Arm Performance Reports is a tool to characterize and understand the performance of both scalar and MPI applications. Results are provided in a single page HTML file. Those results can be used to identify performance affecting problems such as optimization and scalability issues as well as I/O or network bottlenecks. A huge advantage of the tool is its low overhead. It uses Arm MAP's adaptive sampling technology which results in an overhead of 5% even for large scale applications with thousands of MPI processes.

Supported Platforms

Supported hardware architectures are:

  • Intel and AMD (x86_64)
  • Armv8-A (AArch64)
  • Intel Xeon Phi (KNL)
  • IBM Power (ppc64 and ppc64le)

Moreover the following MPI implementations are supported:

  • Open MPI
  • MPICH
  • MVAPICH
  • Intel MPI
  • Cray MPT
  • SGI MPI
  • HPE MPI
  • IBM Platform MPI
  • Bullx MPI
  • Spectrum MPI

Also lots of different compilers are supported including:

  • GNU C/C++/Fortran
  • LLVM Clang
  • Intel Parallel Studio XE
  • PGI Compiler
  • Arm C/C++/Fortran Compiler
  • Cray Compiling Environment
  • NVIDIA CUDA Compiler
  • IBM XL C/C++/Fortran Compiler

On Intel and AMD (x86_64) architectures Nvidia CUDA applications are also supported. Detailed information about specific version numbers of the supported platforms can be found here

Generating a performance report

In order to generate a performance report just wrap the provided perf-report command around your normal (MPI) program startup like in the following example:

$ perf-report mpiexec <mpi-options> a.out

Arm Performance Reports will then generate and link the appropriate wrapper libraries before the program starts. At the end of the program run a performance report is created and saved to your current working directory in text as well as HTML format.

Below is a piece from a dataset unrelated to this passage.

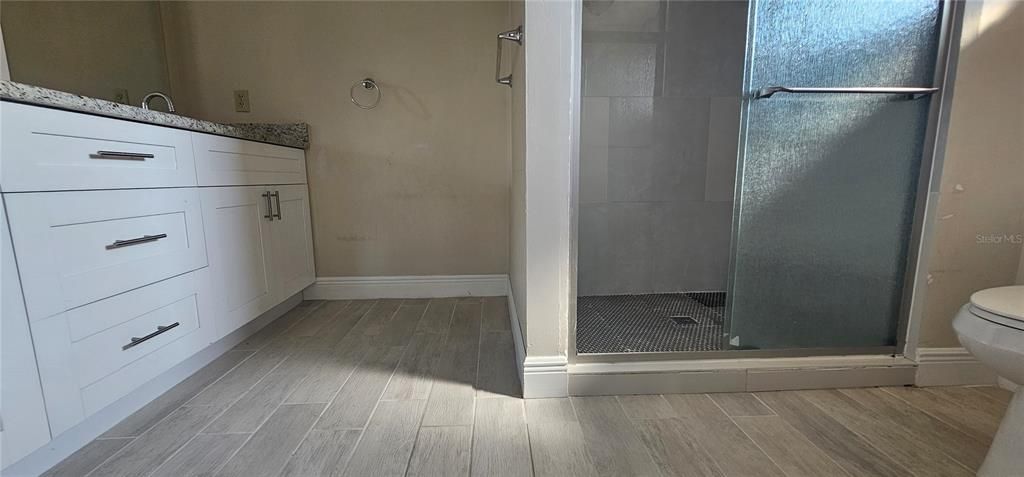 For Sale: $295,000 (3 beds, 2 baths, 1957 Square Feet)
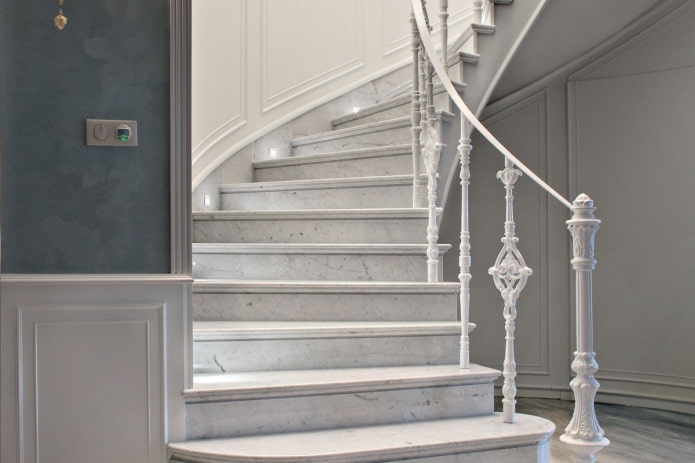 scala in pietra all'interno di una casa privata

Examining a performance report

The basic structure of the performance report is always the same. So that different reports can easily be compared with each other. In the following the different sections of the performance report are explained.

Report summary

In the report summary the whole wallclock time spent by the program is divided into three parts:

  • Compute - time spent running application code
  • MPI - time spent in MPI calls
  • I/O - time spent in filesystem I/O